Can somebody please explain the "Software is Math" argument to me?
Authored by: Anonymous on Thursday, May 24 2012 @ 02:39 PM EDT
Yes you are missing all of it! Look back on the earlier discussions on Groklaw,
read and consider. You might emerge enlightened. Hopefully! I hop.

[ Reply to This | Parent | # ]

Can somebody please explain the "Software is Math" argument to me?
Authored by: Anonymous on Thursday, May 24 2012 @ 02:40 PM EDT
Computers operate on a formal mathematical system. They operate on pure
information. Chemistry operates on chemical elements. Read PoIR's article on
that for more info.

[ Reply to This | Parent | # ]

You ask good questions
Authored by: BJ on Thursday, May 24 2012 @ 02:45 PM EDT
although I don't join you in calling RMS names; to this person everyone using a
computer should owe the highest repect. I might say fanatiscism is good a
times, but it's the intention (of degrading a person) that counts -- and I don't
join you in that, at all. And times will come when people like him, will be
looked up to even more than you might even image now. The world is changing,
and the freedom that RMS envisioned for himself and others is (going to be)
under attack in increasing ways as the years of human madness progress.


bjd




[ Reply to This | Parent | # ]

I've been making a similar point here for years
Authored by: Anonymous on Thursday, May 24 2012 @ 03:08 PM EDT

There really isn't any difference between Hardware and Software Patents.
They are all bad.

Consider KSR v. Teleflex, where the main point of the patent was moving a
micro switch to get better response. That patent had all of the bad points
that we commonly see in Software Patents. Of course since it was
Hardware, the Software people pretty well ignored it.

In my opinion (and I've read a lot of patents) less than 10% of the patents
issue meet the U.S.P.T.O. Rules.

In other words, the problem is the Patent Office - it is incompetent.

Wayne
http://madhatter.ca

[ Reply to This | Parent | # ]

Can somebody please explain the "Software is Math" argument to me?
Authored by: Anonymous on Thursday, May 24 2012 @ 03:57 PM EDT
>So, what I cannot seem to figure out is, why is it that so many in the tech
fields think that software should somehow get a pass because it is math, when
that is also true of virtually(?) all patents.

You're not missing anything unimportant.

It is true that many things in the physical world may be described
mathematically: chemisty, mechanics, electronics, astronomy. But these things
are NOT mathematics! In fact, everything, EVERY ... THING ... is not
mathematics. Because mathematics is not a thing.

Mathematics is a concept: logical (conceptual) processes acting on abstract
(logical) concepts.
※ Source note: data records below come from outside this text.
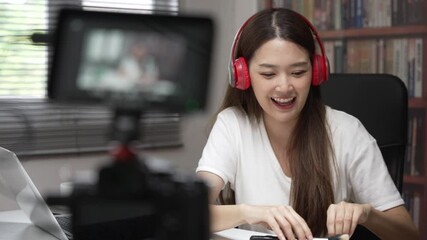Medium close up shot of Asian young lady talking on cosmetics while holding a brush on and demonstrate during record video. Woman making video live tutorial for her cosmetics blog. Cosmetic reviewer.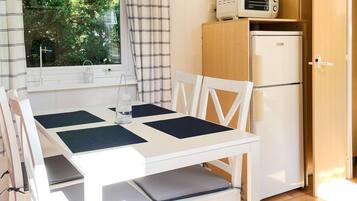 A compact kitchen with a white table, two chairs, a microwave, and a refrigerator.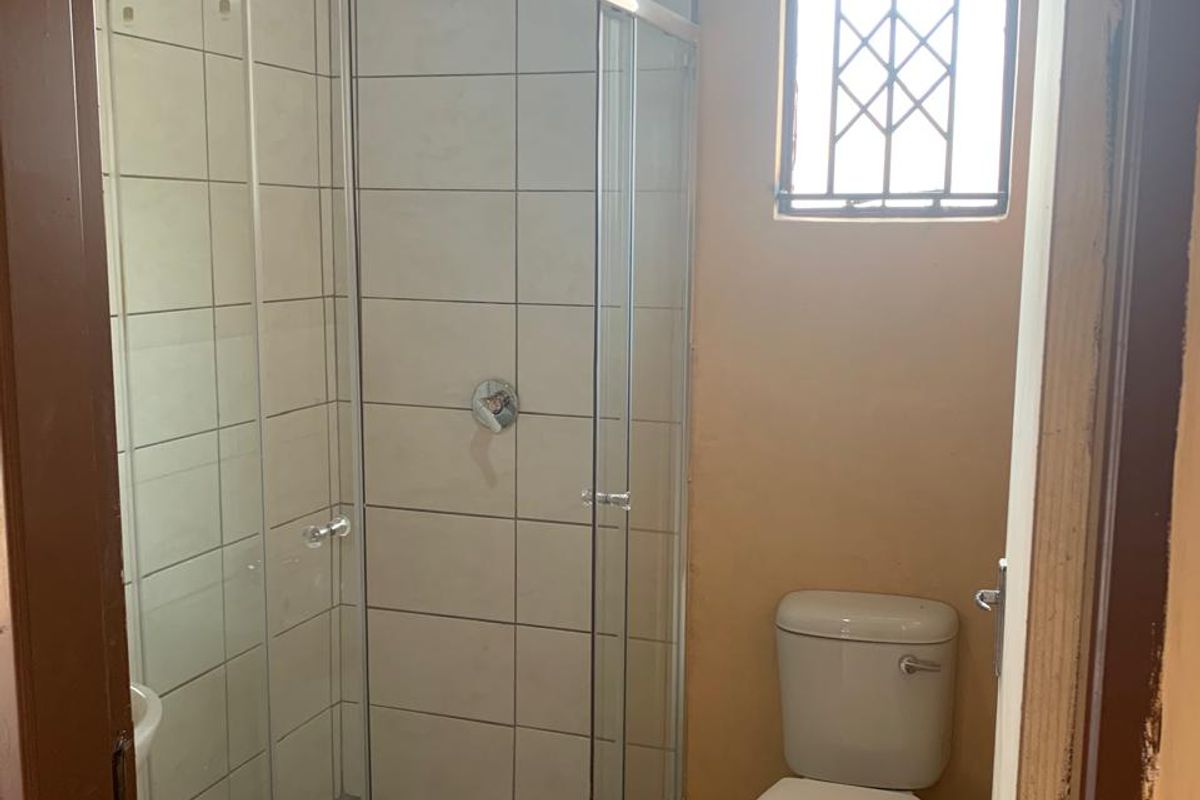 A compact bathroom featuring a glass shower enclosure, a standard toilet, and tiled finishes, requiring minor cosmetic updates to the door frame and walls.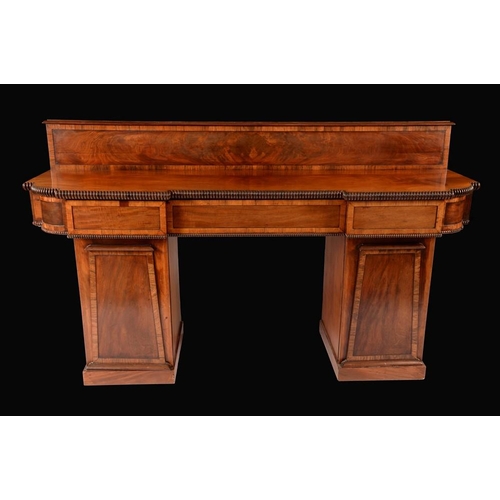 1432 - A post-Regency mahogany inverted break-centre sideboard, possibly Scottish, slightly oversailing top... 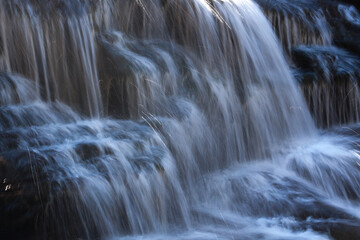 Fototapeta na wymiar Waterfall outdoors with stones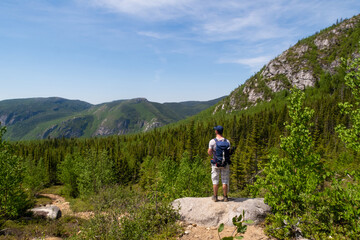 Naklejka na ściany i meble Les Grands-Jardins national park, Canada - june 2020 : back view of a hiker admiring the landscape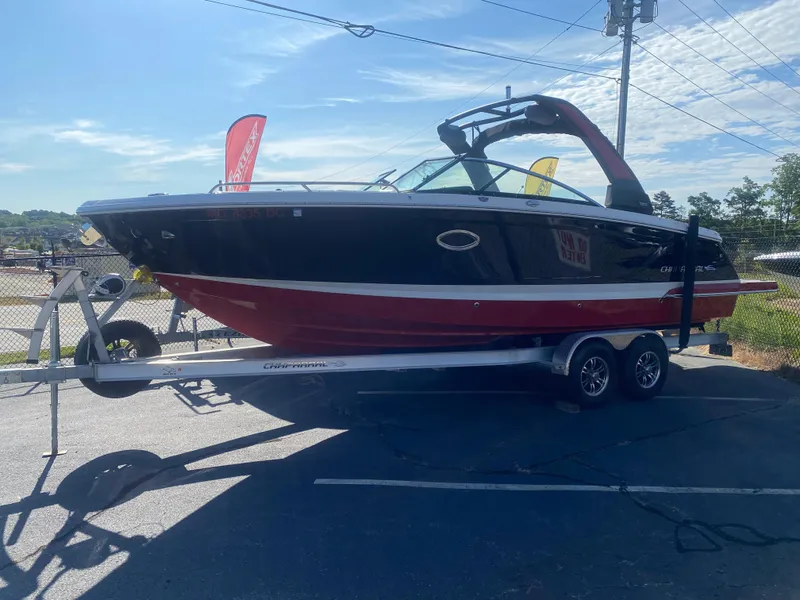 Slide: The Image of 2021 Chaparral 287 SSX boat on trailer, black and red design, parked outdoors. - 2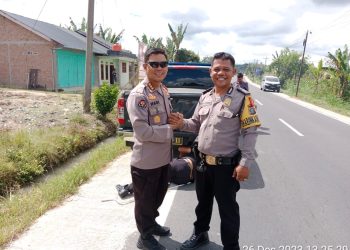 Bhabinkamtibmas Panei Bripka R Siahaan foto bersama dengan Kombes Pol.Hadi usai memperbaiki ban mobil. akibat insiden ban mobil dinas pejabat Polda Sumut itu pecah. ( Nawasenanews/ Ist)
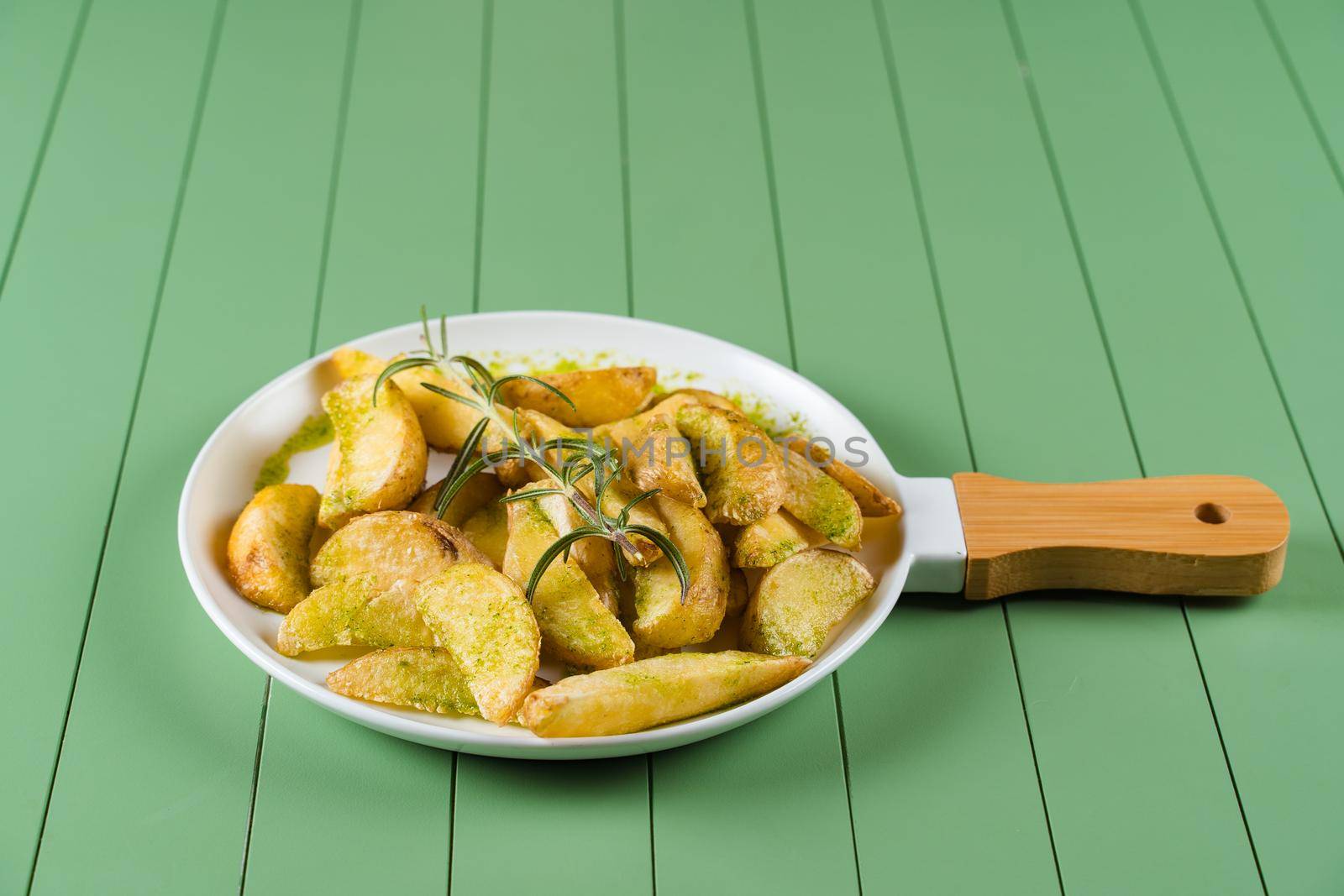 Baked potatoes with green sauce and rosemary on a white plate in the form of a frying pan. Fried potatoes with pesto sauce on a green table by Rabizo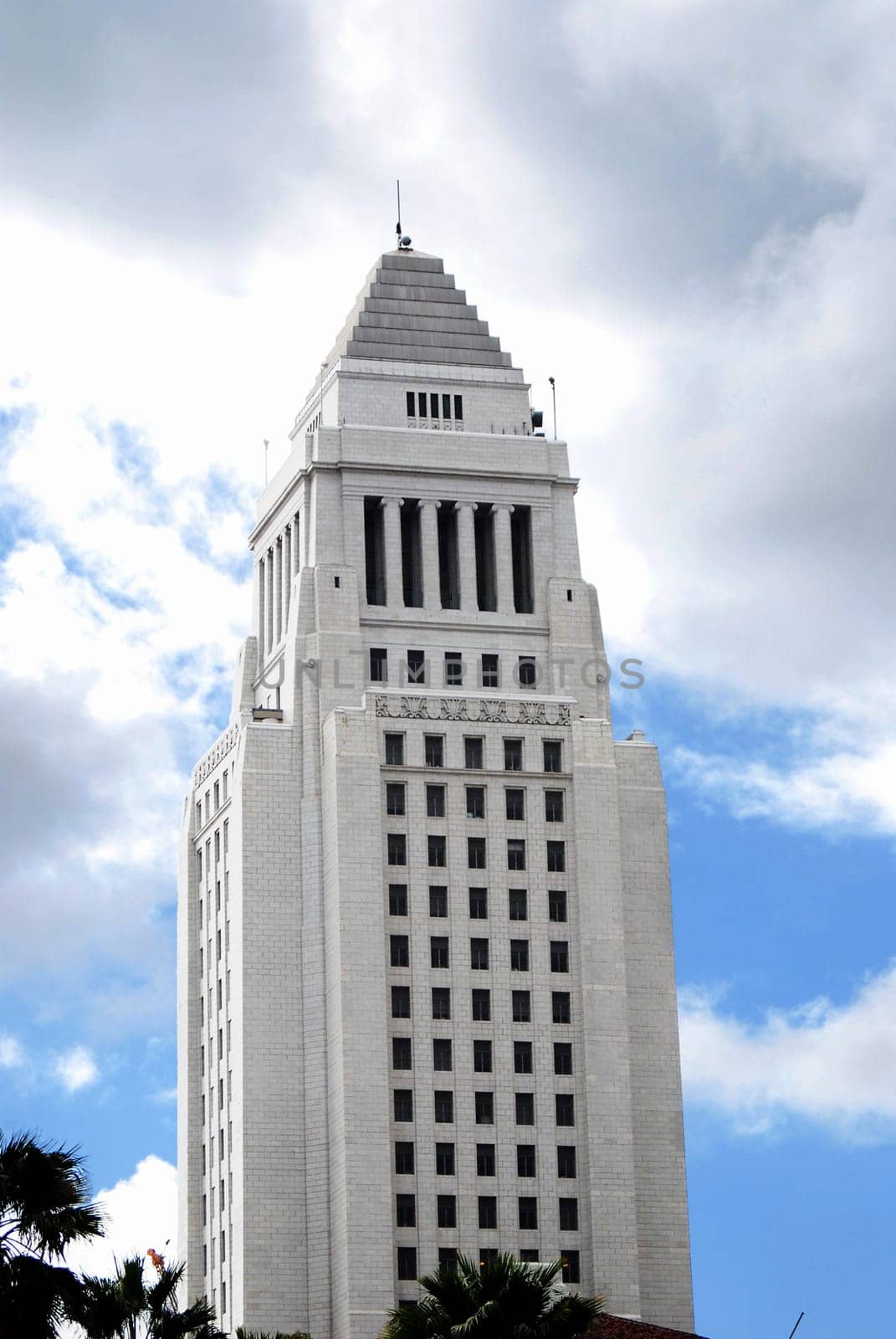 Skies are clearing up as sun shines down on city hall in Los Angeles, California.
It can always be done mentally (although many people using
mathematics employ devices to cut down on the amount of memory involved).

So you describe a bridge, mathematically, but nobody actually builds the bridge.
Can you cross the river, mentally? What mental processes can you engage in that
will result in that THING you call your physical body being on the other side of
that other THING you call a river?

But software is different. You can (and programmers always have to) mentally
process the mental abstractions that they are describing in that program. The
program is not a THING. It is a CONCEPT, and it is the same concept, whether its
representation is scribbled on a napkin in Hong Kong or printed on a t-shirt in
Brussels. Can you say that of your bridge, or your chemical molecule?

The difference is, the software IS mathematics. It IS logical conceptual
processing of mental concepts. Software is not transported, it is communicated:
because it is not matter, it is logic.

Software is not a THING that is added to another THING (a COMPUTER) to create a
unique new THING. It is a concept, and a computer is just a device to simplify
mental manipulation of that concept.

Think of it this way: software can be read over the phone to someone else (who
can write it down and have exactly the same concept. Try reading a bridge over
the phone, and see if your friend gets exactly the same bridge. Try it with
gears, or molecules, or asteroids. It won't happen.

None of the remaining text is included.